That’s Allison Duwe, head of the labor-backed, Coalition for Economic Justice.
“But the reality is we’re not broke. There’s money that we”re not collecting from corporations, from businesses, that are receiving significant tax breaks.”
Duwe’s talking about nearly half a billion dollars in tax revenue that’s not collected, because of Industrial Development Agencies (or IDAs).
Half a billion is how much money IDAs gave away in 2009, mainly through
property and sales tax breaks.
They’re supposed to help their local economies, and create jobs.
But in their four decades of existence, IDAs have been accused of everything from failing to comply with state laws, to simply being inefficient.
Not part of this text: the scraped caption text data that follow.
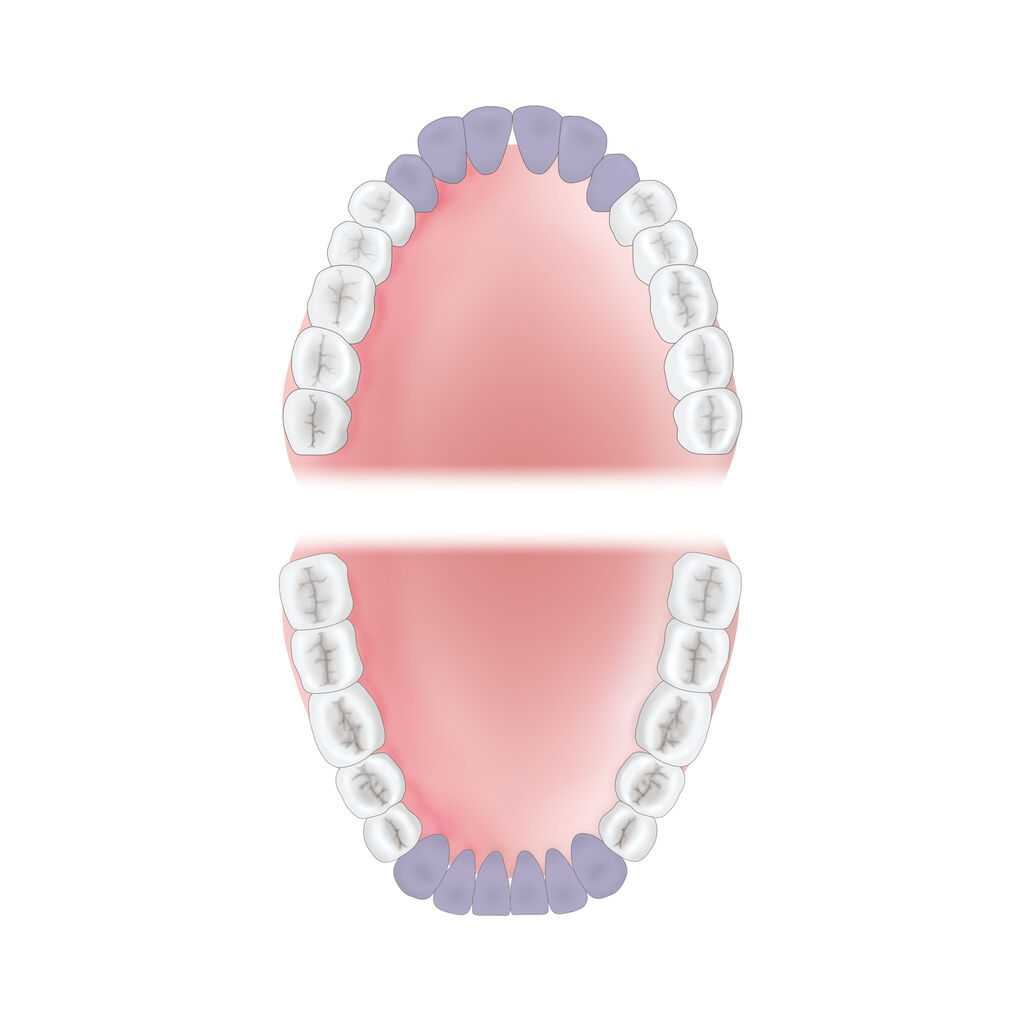 mouth-area-guide Young Innovations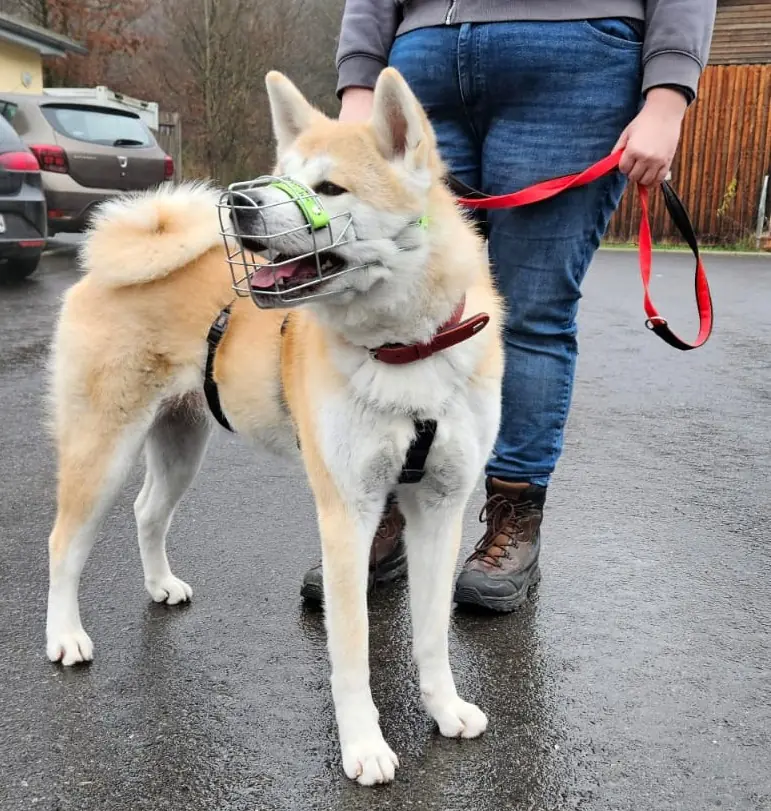 Liz - Akita - Bild 2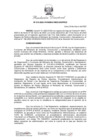 Vista preliminar de documento RD N° 015-2023-DGPRCS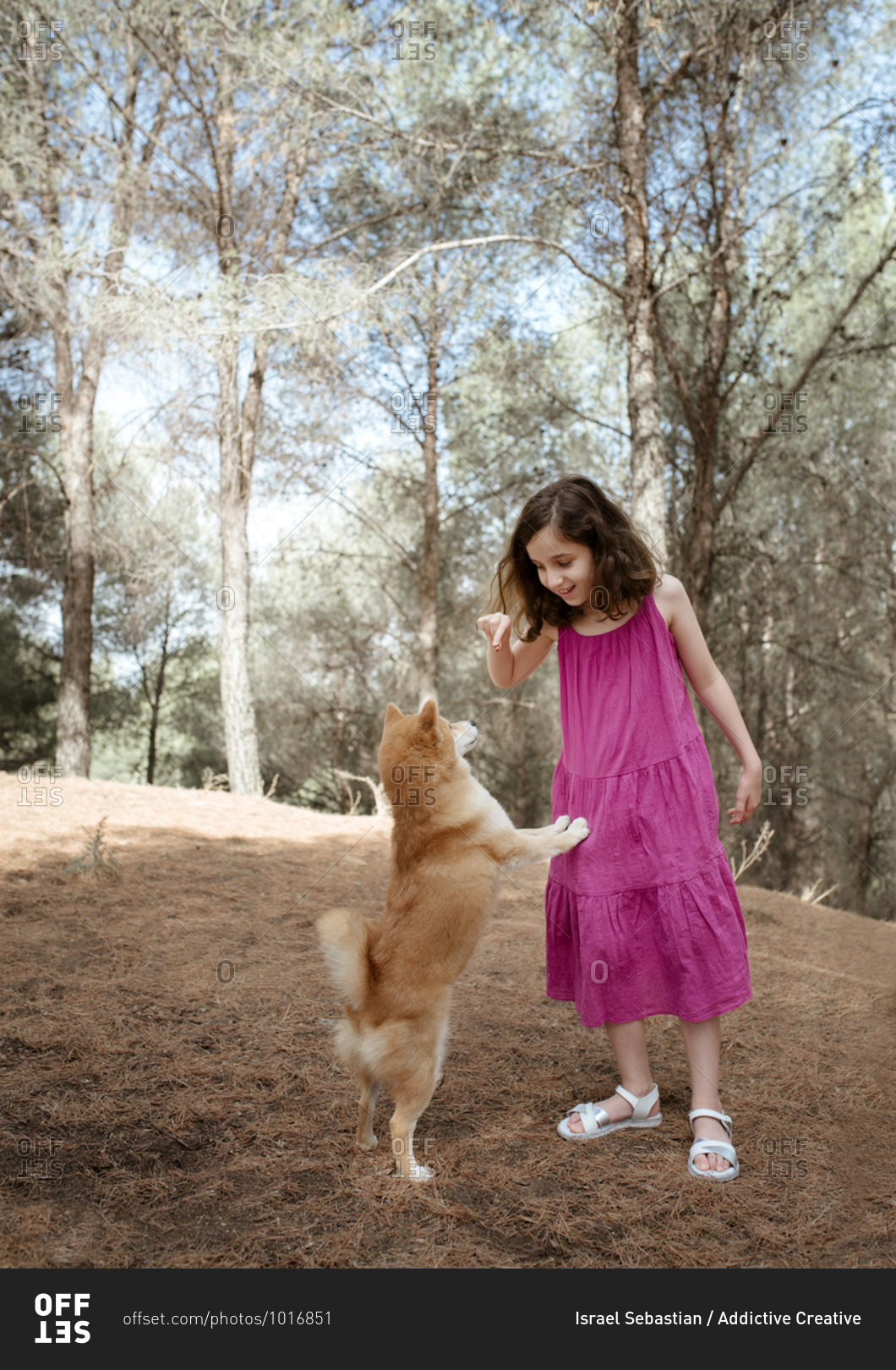 Full length of happy little child in colorful summer dress playing with obedient Shiba Inu dog while standing together in forest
Bob Ward is the deputy director of SUNY’s Rockefeller Institute of Government in Albany. He also served on the board of directors for the town of Bethlehem IDA for five years.
Ward believes the government’s role in economic growth is often overstated.
“IDAs are involved in maybe a few tens of thousands of jobs created each year. Many of those jobs would have been created whether the government, or a quasi-governmental agency were involved anyway.”
You could think of IDAs as local job creation machines. But despite some reform efforts over the years, IDAs don't always work.
In 2008, over half of all the IDA projects in New York State were expected to
create fewer than 10 jobs.
Richard D'Attilio is the executive director of the Broome County IDA. He says he looks beyond those jobs numbers, toward the long-term benefits for the community.
“A Lot of elected officials really need to talk about jobs. And From my perspective I talk about the whole package. And I believe investment is as important in the community as the job creation.”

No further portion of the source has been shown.